Mumbai, Dec 19 (PTI) After a multi-year bull run, there is a need for equity investors to moderate their return expectations in 2025, a domestic brokerage said on Thursday.
NSE's 50-share benchmark is expected to be at 26,482 points at the end of 2025, which is an over 10 per cent jump from Thursday's close of 23,951.70 points, HDFC Securities said.
Its managing director and chief executive Dhiraj Relli said equities will outperform any other asset class in 2025, and the long-term India story is also intact.
"For many years now, the markets have given high returns. In the new year, investors will have to moderate their expectations," Relli said.
The Nifty benchmark has risen by 10.22 per cent year-to-date in 2024, which has been characterized by some selling towards the end of the year on exits from foreign portfolio investors as they saw better returns in other markets amid a growth slowdown to a seven-quarter low in India.
Relli said a majority of the investors in the market are ones, who have entered post-2020 and have never seen a sharp correction in their investment journey, which will make it essential to set expectations accordingly.
The brokerage will advise investors to bet on large caps rather than the mid and small caps, which have rallied handsomely in the last few years, he said, adding that over 67 per cent of the allocation should be to the bigger companies, which have seen multiple business cycles.
The remaining allocation can be to the small and mid-cap ones, he said, adding that the same has to be done on a very selective basis on an entity level.
A senior official remarked that in the last two to three years, about 80 per cent of the small and mid-cap stocks delivered positive returns for shareholders, and the same will reverse to just 20 per cent of the scrips delivering profits in the new year.
Relli said the FPIs will return only when they see earnings growth in Indian companies, which will happen in the second half of the next year.

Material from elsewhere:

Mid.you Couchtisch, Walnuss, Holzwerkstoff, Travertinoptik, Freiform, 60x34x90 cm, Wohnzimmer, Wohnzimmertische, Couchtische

The brokerage expects earnings growth to increase to 17 per cent in FY26 from the 4 per cent it is estimating for FY25, he added.
Unmesh Sharma, the head of institutional equities, said the GDP growth slowdown in India is bad news and added that given this background, the government will keep the public capex high if not at the same growth levels as the 11 per cent higher budgeted for FY25.
India is going through a mild cyclical slowdown, which will last for 6-9 months, but is structurally geared for growth going ahead, its head of institutional research Varun Lohchab said, adding that the house is positive on large banks, top IT companies, capital goods, cement and building materials, and negative on auto, consumer staples, small finance banks and NBFC sectors.
Lohchab said consumption has not fallen off a cliff in India, but there is no V-shaped recovery in the segment which makes it have a negative view on the sector.
Meanwhile, Relli said the firm, which closed FY24 with a post-tax net of Rs 945 crore, is confident of increasing the bottom line to over Rs 1,100 crore in FY25.
There are no plans to list the subsidiary of largest private sector lender HDFC Bank, he said, adding that the return on capital is very high, and it was also able to raise required capital through a rights issue earlier this year.